# [DATA PROVIDED]

Start of Block

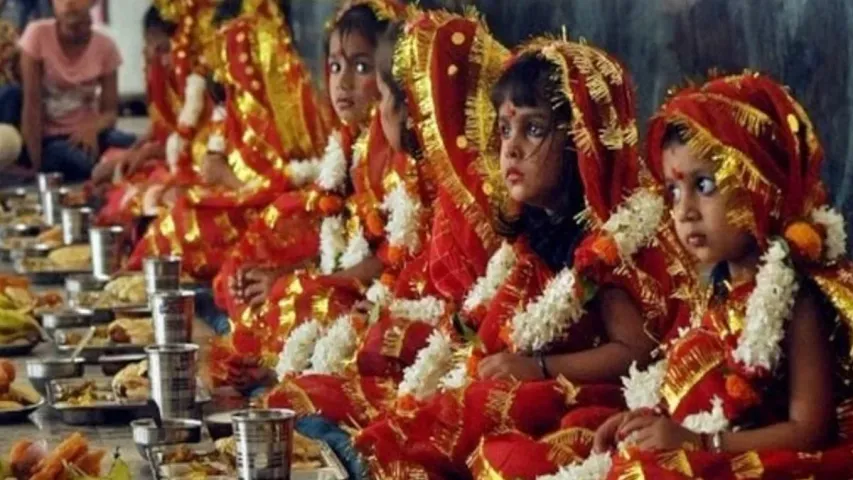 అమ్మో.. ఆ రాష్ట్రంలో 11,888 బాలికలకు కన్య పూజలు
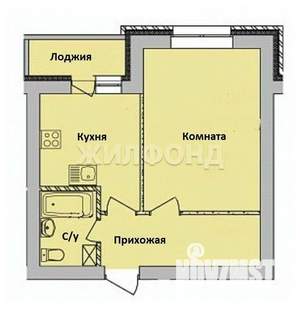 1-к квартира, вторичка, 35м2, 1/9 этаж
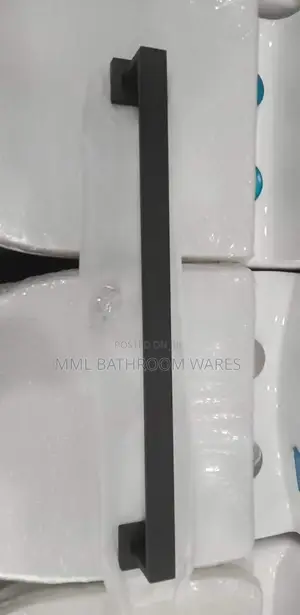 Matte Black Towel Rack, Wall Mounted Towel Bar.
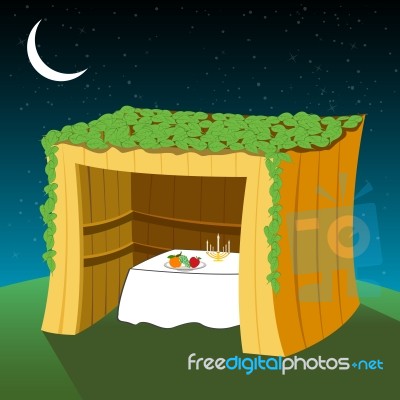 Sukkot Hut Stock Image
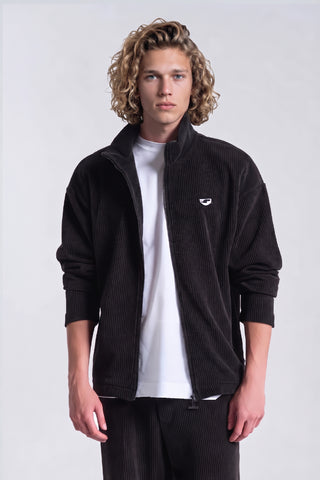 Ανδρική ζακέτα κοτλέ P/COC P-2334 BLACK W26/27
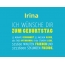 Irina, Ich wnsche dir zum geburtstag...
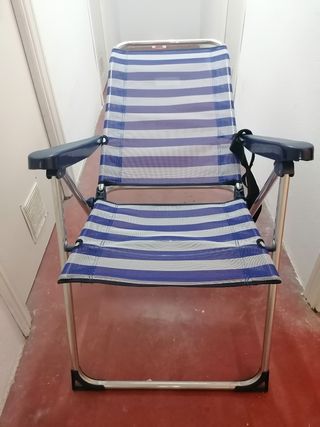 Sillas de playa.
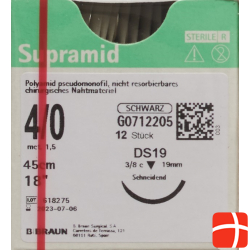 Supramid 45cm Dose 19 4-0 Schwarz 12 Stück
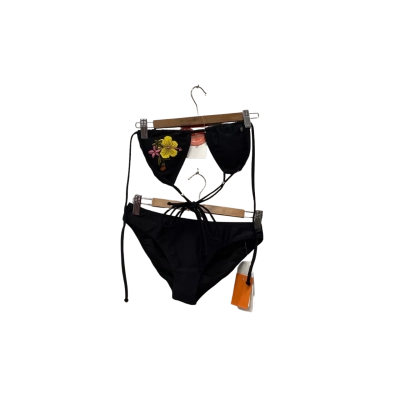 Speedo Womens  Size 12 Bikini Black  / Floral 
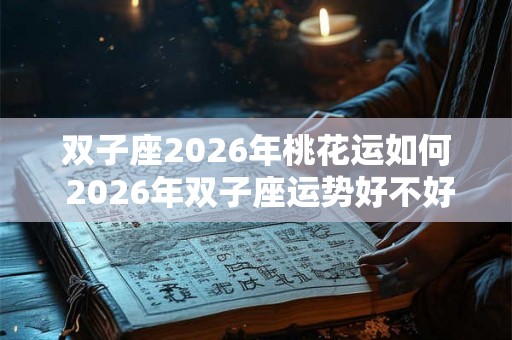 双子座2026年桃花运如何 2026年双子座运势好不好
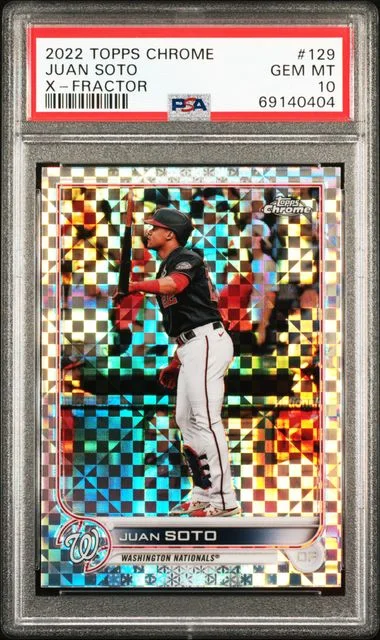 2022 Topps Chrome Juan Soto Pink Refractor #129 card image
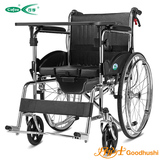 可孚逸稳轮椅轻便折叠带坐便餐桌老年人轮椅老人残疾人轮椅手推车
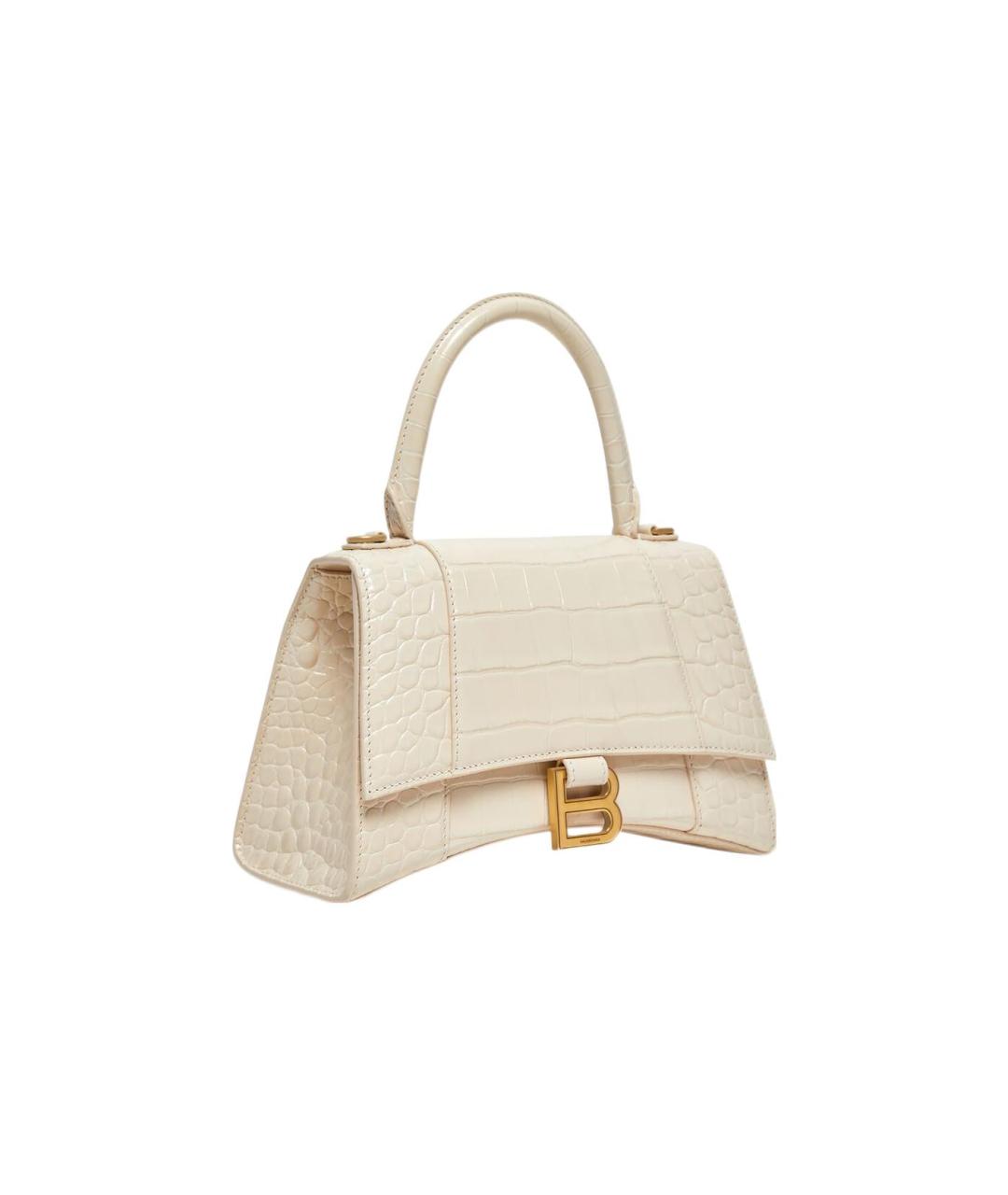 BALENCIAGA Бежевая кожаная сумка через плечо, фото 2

End of Block
Start of Block

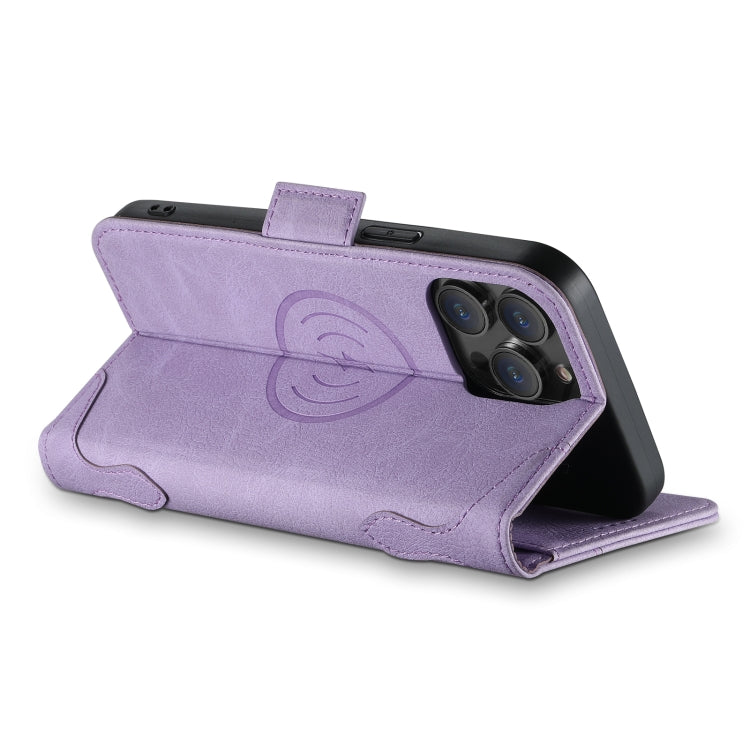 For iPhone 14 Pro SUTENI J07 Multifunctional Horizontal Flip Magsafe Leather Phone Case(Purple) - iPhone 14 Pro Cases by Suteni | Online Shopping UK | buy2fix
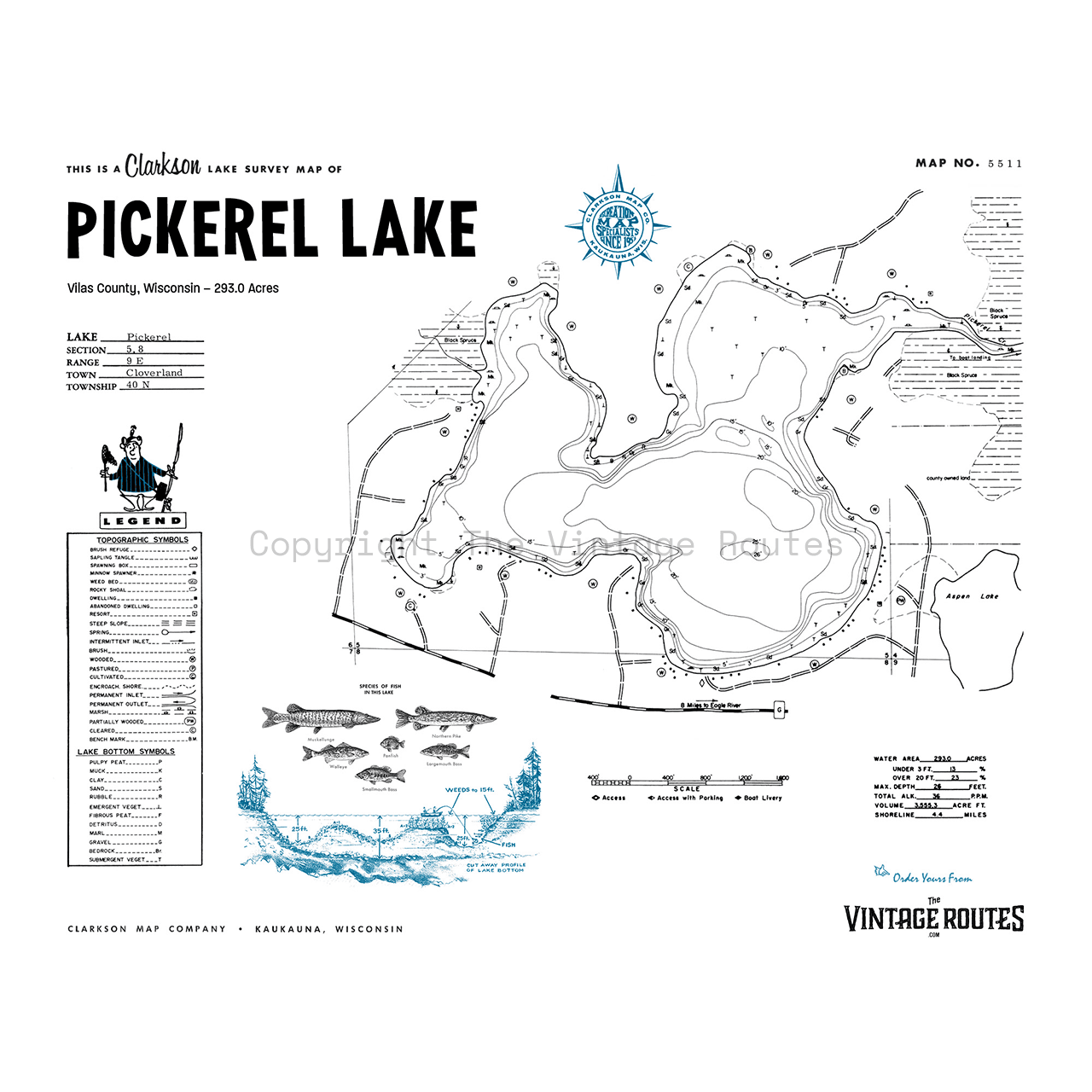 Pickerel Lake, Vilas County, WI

End of Block
Start of Block

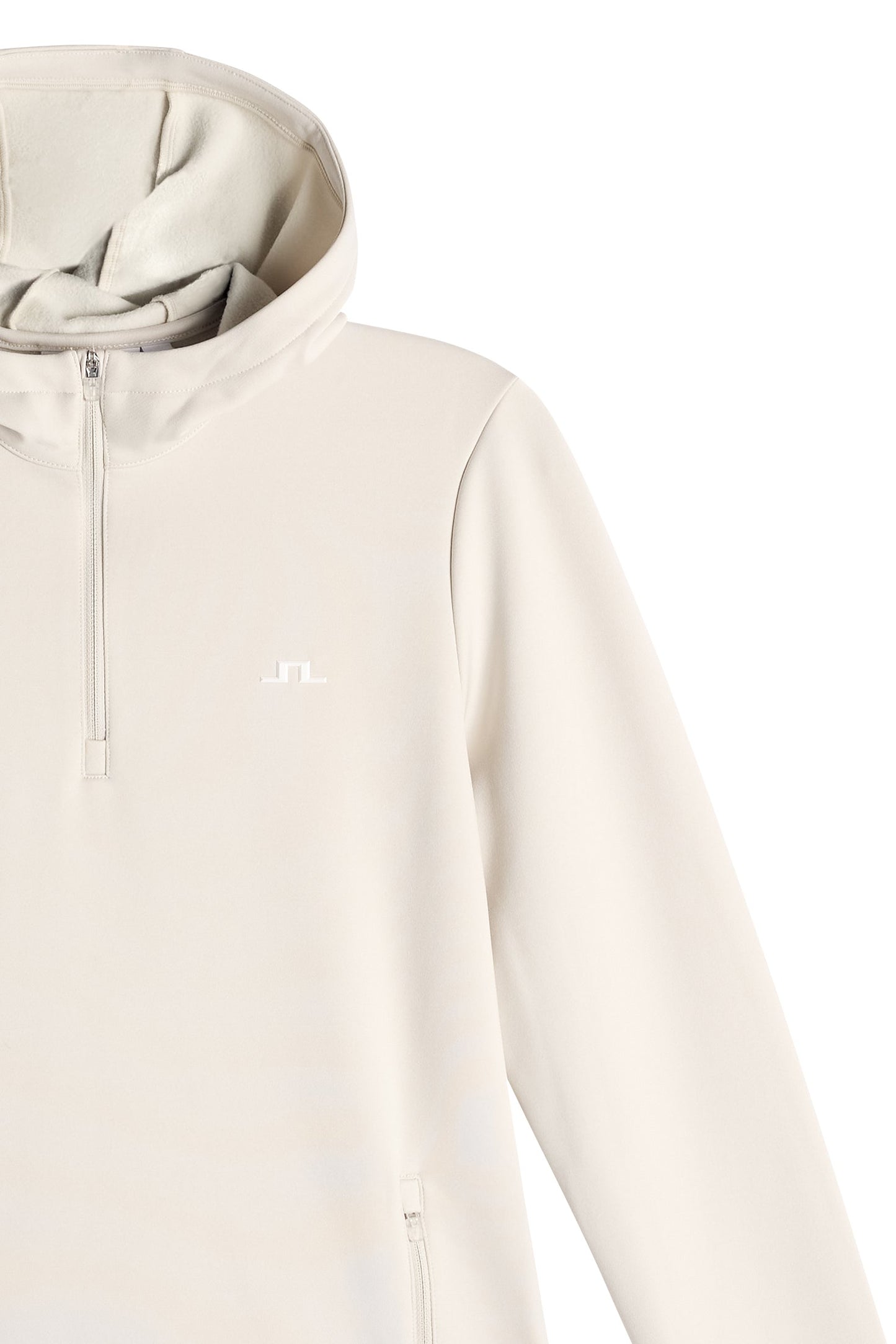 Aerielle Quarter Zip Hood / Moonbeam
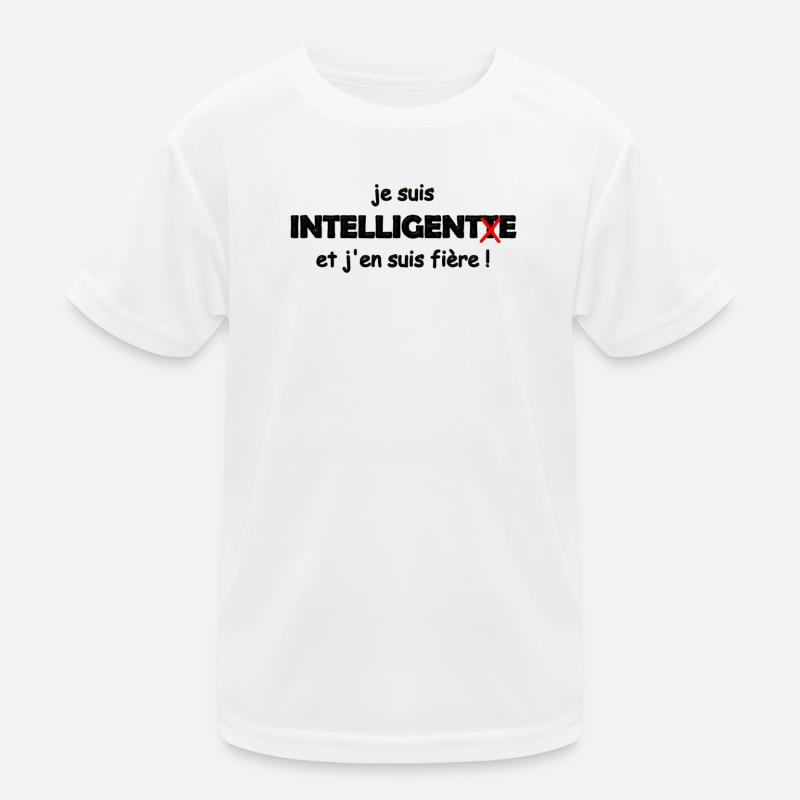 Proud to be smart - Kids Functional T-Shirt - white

End of Block

# [DIRECTIONS]
In the entries above, find the line containing "Ανδρική ζακέτα κοτλέ" and the line containing "BALENCIAGA Бежевая кожаная"; give again exactly those two lines and every line between them, minus the pictures.

# [EXERCISE OUTPUT]
 Ανδρική ζακέτα κοτλέ P/COC P-2334 BLACK W26/27
 Irina, Ich wnsche dir zum geburtstag...
 Sillas de playa.
 Supramid 45cm Dose 19 4-0 Schwarz 12 Stück
 Speedo Womens  Size 12 Bikini Black  / Floral 
 双子座2026年桃花运如何 2026年双子座运势好不好
 2022 Topps Chrome Juan Soto Pink Refractor #129 card image
 可孚逸稳轮椅轻便折叠带坐便餐桌老年人轮椅老人残疾人轮椅手推车
 BALENCIAGA Бежевая кожаная сумка через плечо, фото 2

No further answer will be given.